Indexing plain text files

Adspectus · March 2, 2020, 5:54pm

Hello, just installed Elasticsearch as a full text engine for my nextcloud installation. I noticed that plain text files such as .txt or .tex (LaTeX source code) are not getting indexed - or at least a search for text shows no result (only PDF files in search result). There is an open bug report at the nextcloud side that says Elasticsearch is not able to deal with plain text files if the file has line breaks or tabs in it - which is not unusual IMHO. Actually, I can hardly believe that this is true. A full text search engine which is not capable to index plain text files...? Or did I miss something?

dadoonet · March 2, 2020, 7:36pm

Elasticsearch needs that you send valid json documents.
Elasticsearch index json objects.

You need to transform your plain text to a json document.

You could look at FSCrawler project if you want a tool that could do that.
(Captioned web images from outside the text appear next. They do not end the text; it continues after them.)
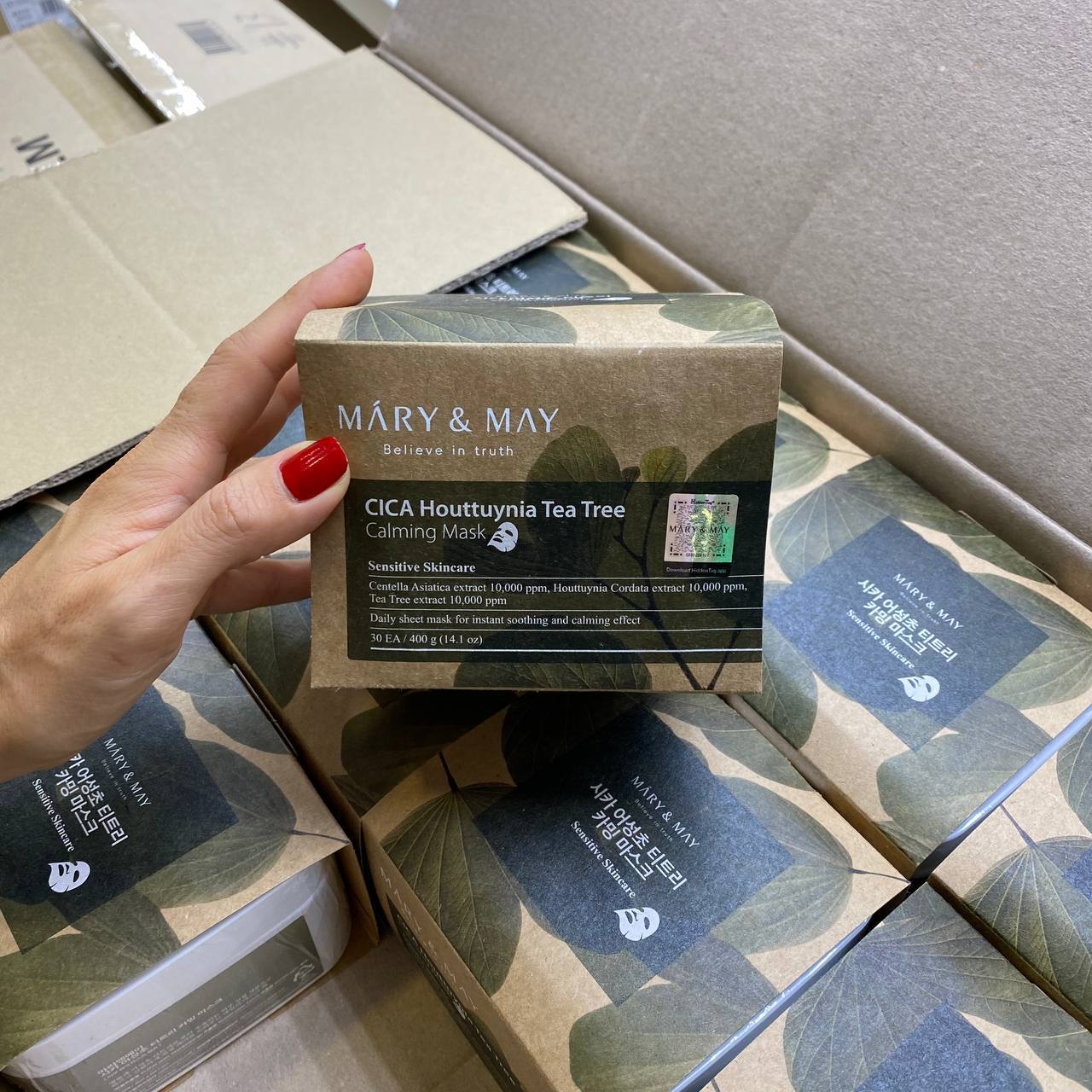 Набор масок для чувствительной кожи Mary&May Cica Houttuynia Tea Tree Calming Mask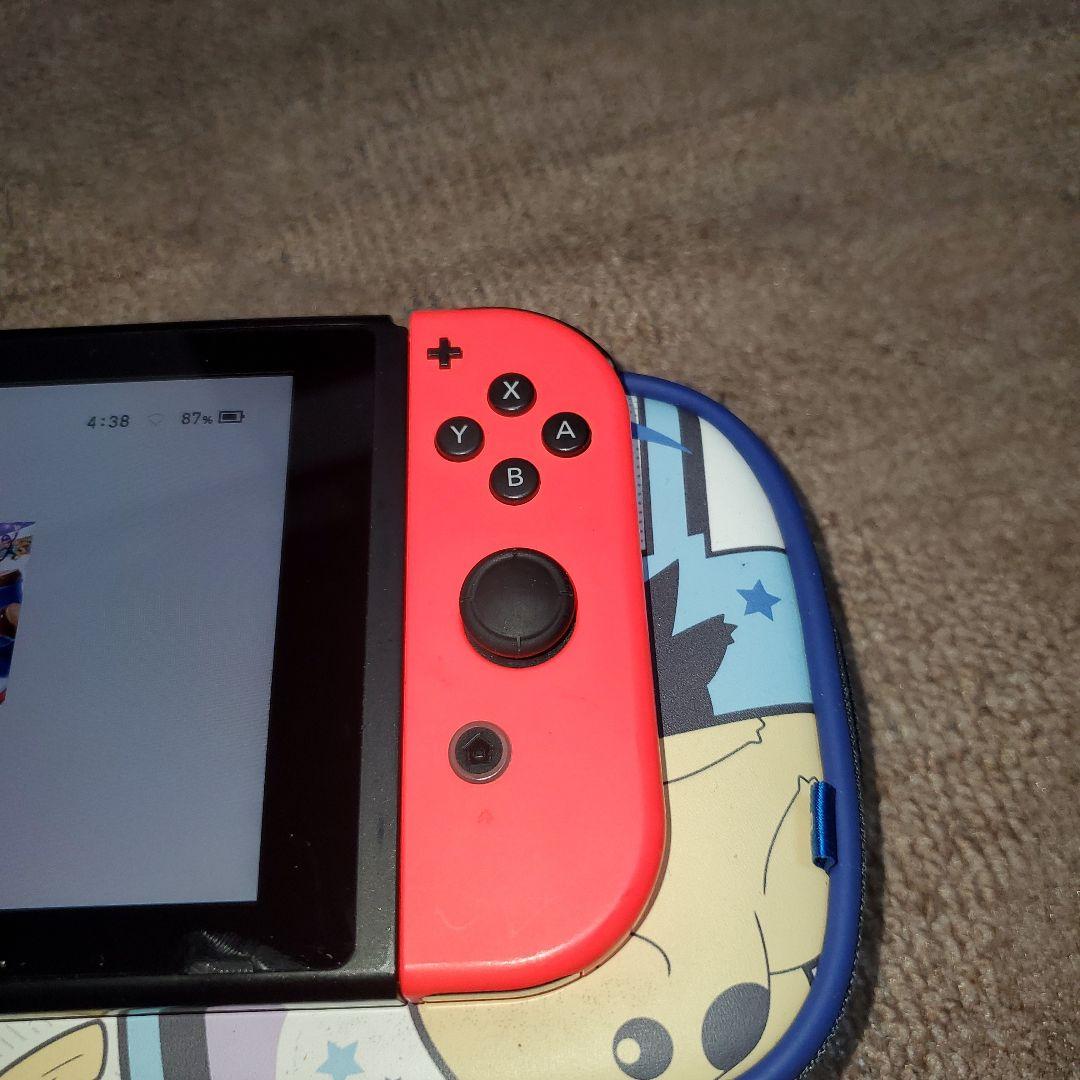 Nintendo Switch Nintendo switch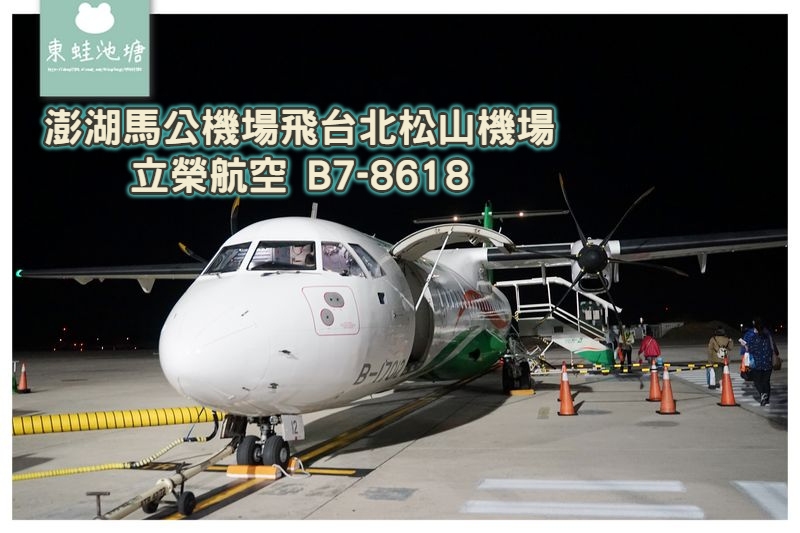 澎湖馬公機場飛台北松山機場】立榮航空 B7-8618 班機心得分享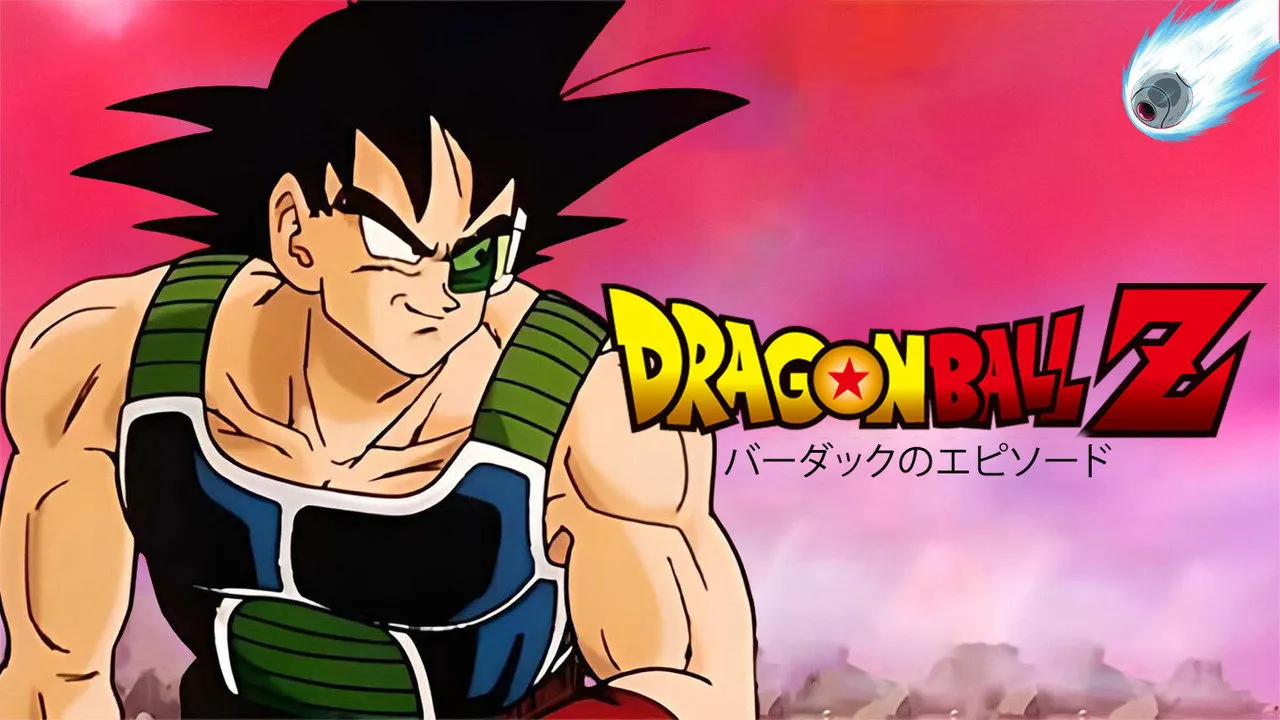 Dragon Ball Z – Baddack contre Freezer
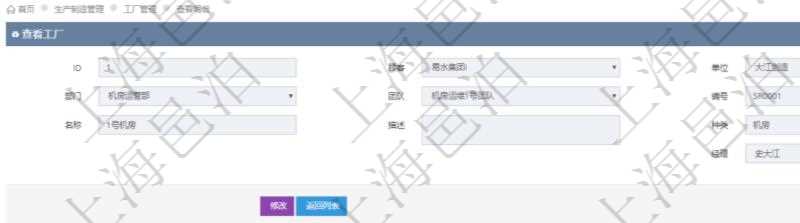 在項目管理軟件MES生產制造管理系統查看工廠信息時除了返回工廠信息,同時返回關聯的生產加工工序執行日志:單位、部門、生產項目配置、序號、加工執行、生產計劃執行日志、前置加工執行、后續加工執行、開始時間、結束時間、生產狀態、生產描述。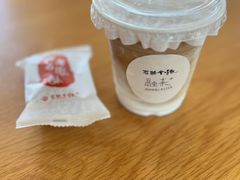 融来拿铁-石头会唱歌融来+北港岚台两岸交流中心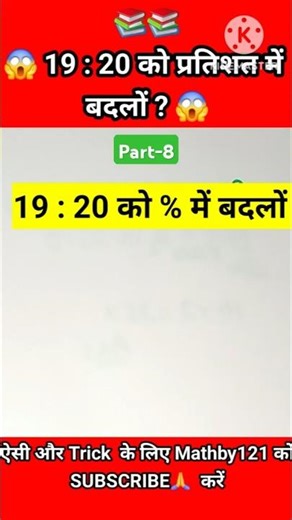 🎯प्रतिशत को कैसे हल करें😂 | how to solve pratishat || #pratishat_wale_sawal #motivation #percentage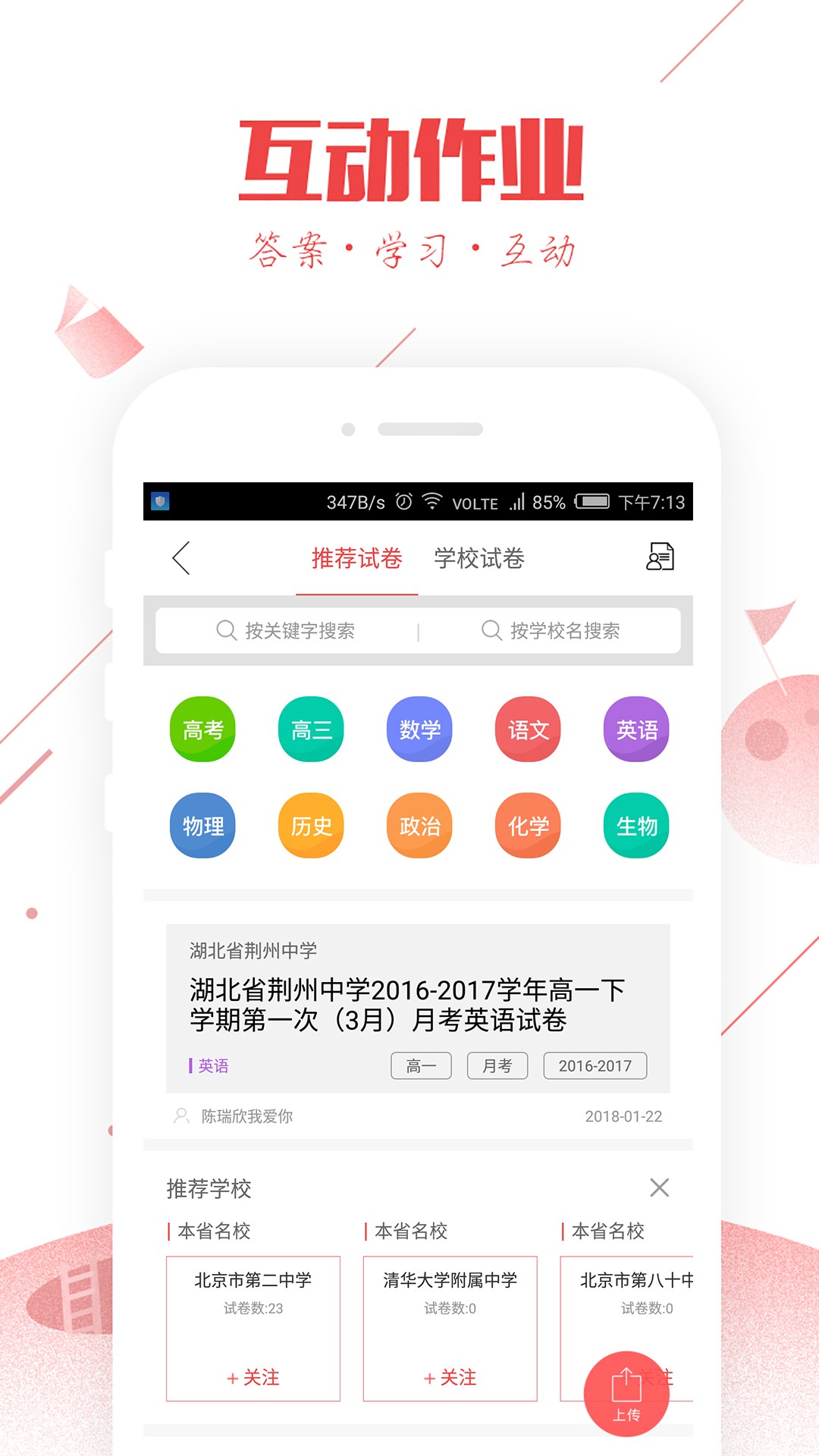 互动作业 在线使用答案手机软件app截图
Adspectus · March 2, 2020, 8:03pm

Thanks for your answer. The doc of FSCrawler says "This crawler helps to index binary documents such as PDF, Open Office, MS Office." - how does that fit? Moreover, I do not know how to implement this to Nextcloud, as this is just giving me the option to configure an Elasticsearch instance. I fear that this leads to situation where the guys on the Elasticsearch side will say, that the problem is with the Nextcloud side and the Nextcloud guys will point in the opposite direction. At least, I have the impression that this forum is more responsive...

dadoonet · March 2, 2020, 11:37pm

I don't know nextcloud.

We do have a cloud offer Elastic Cloud: Hosted Elasticsearch, Hosted Search | Elastic ?

Cloud by elastic is one way to have access to all features, all managed by us. Think about what is there yet like Security, Monitoring, Reporting, SQL, Canvas, APM, Logs UI, Infra UI, SIEM, Maps UI, AppSearch and what is coming next ...

It also works with plain text file.

system · March 30, 2020, 11:44pm

This topic was automatically closed 28 days after the last reply. New replies are no longer allowed.